No sexto e penúltimo dia de caminhada, voltei para a estrada antes do sol nascer. O dia seria longo, prometeria temperaturas superiores a 30°C, e novamente dois trechos seriam feitos. No primeiro deles, acessei a RS-452, no Vale do Caí, e, depois de cerca de uma hora de caminhada, cheguei à estrada Frederico Thomas, que corta a localidade de Nova Palmira com o município de Vale Real. A partir dali o trecho é feito todo em estrada de chão, na localidade de Caravaggeto, interior de Farroupilha. O trecho nove termina na igreja da comunidade após 15 quilômetros de caminhada. Ali, as opções de hospedagem são a pousada Casa Canjerana, distante quatro quilômetros do percurso, e o Hotel Di Capri, no centro de Farroupilha, que oferece o traslado de ida e volta para buscar os hóspedes. Depois do descanso, pela manhã, o peregrino retorna ao local e segue a caminhada.
O Vale Trentino, no 4º distrito de Farroupilha, é o penúltimo destino e tem como parada a Vinícola Colombo. Ao total foram sete horas e meia de caminhada até chegar ao último local que me hospedaria depois de vencer 33 quilômetros de morros e estrada de chão.
Trecho 10 – Vale Trentino até Santuário de Nossa Senhora de Caravaggio
Depois seis dias e 160 quilômetros percorridos a pé, cheguei no último dia de peregrinação. Desde o final do terceiro trecho as bolhas me faziam companhia e trocar curativos era uma rotina antes de cada início de dia. Usei cicatrizante, protegi com pomada, mas o que me restou foi aceitá-las e vê-las como mais um obstáculo a ser vencido.
25 quilômetros me separavam do destino final: sentimentos se misturam no último trecho que passa pelo Vale Trentino e Forqueta, atravessa a RS-122 e acessa a Rodovia dos Romeiros pelo interior de Farroupilha. Nostalgia por tudo que foi percorrido, alívio em chegar e até saudade antecipada das amizades que foram feitas ao longo dos dias me levaram a chegar ao Santuário de Nossa Senhora de Caravaggio.
Na chegada, o peregrino que completa a caminhada toca o sino do campanário, recebe certificado, medalhinha e um livro sobre a história do Santuário. Para isso é preciso apresentar o passaporte com ao menos dois carimbos feitos em cada uma das cidades por onde passou.
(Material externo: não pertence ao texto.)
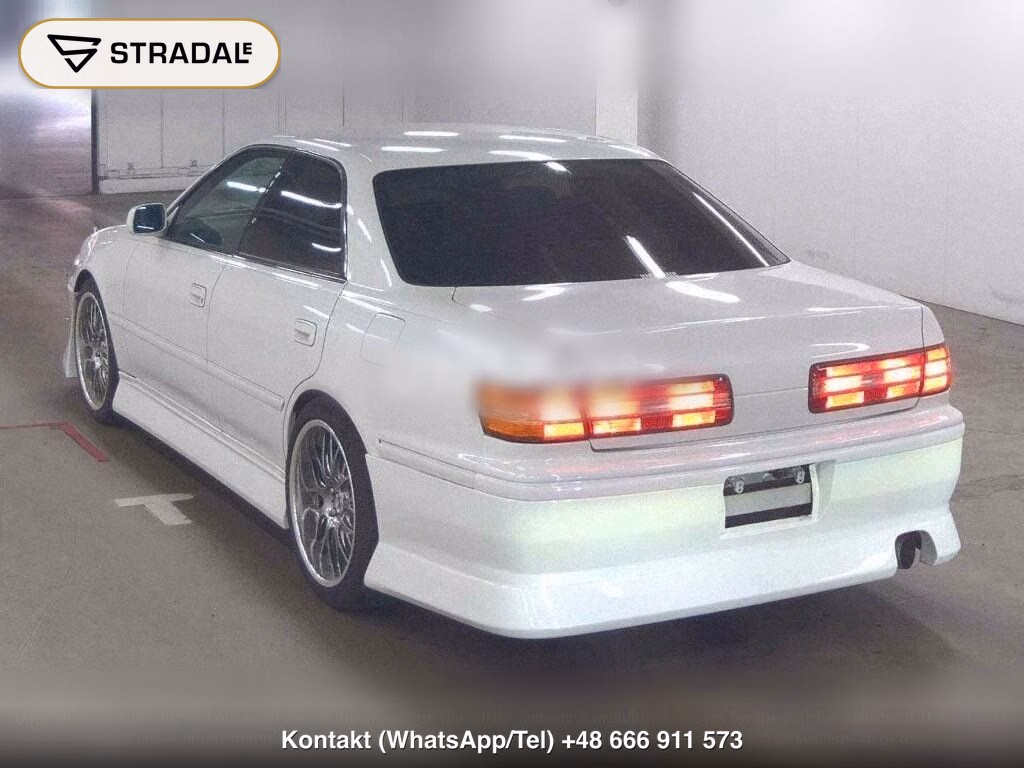 TOYOTA MARK Ⅱ 4HT TOURER S, miniaturka 3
"Peregrinar é não pensar na chegada"
Antes de sair, um primo que já chegou a Machu Picchu, no Peru, a pé, me disse que, conforme nos aproximamos do destino, afrouxamos o passo. Ele tinha razão. Peregrinar é não pensar na chegada, é refletir durante os passos, falar sozinho, encontrar pessoas e se conectar com o que realmente importa. Outro me disse que o cérebro entenderia rápido o que me propus a fazer e levaria o corpo a alcançar o objetivo diário. Mais um que tinha razão. Caminhar passou a ser um movimento tão natural quanto respirar. No restante das horas, organizava a mochila, me protegia com filtro solar, refazia curativos nos pés e saía de manhã cedo, quando o sol ainda não me castigava. Por sete dias, venci trechos de 20, 25 e até 35 quilômetros. A geografia da Serra oferece paisagens ainda mais incríveis pra quem se dispõe a atravessá-la a pé. E é olhando pra elas que o cansaço e as bolhas nos pés ficam para depois. É fácil encontrar na caminhada analogias com a nossa vida. Porque é preciso estar sempre atento para não se perder e antecipar ameaças, como o trânsito ou cachorros soltos e desconfiados. É preciso carregar pouco peso, levar o mínimo necessário, e fazer uma jornada leve. É necessário escutar o corpo, estar aberto a encontros e aprender com a experiência do outro. É preciso continuar e parar apenas para descansar e poder seguir. Seja nessa ou em qualquer outra caminhada.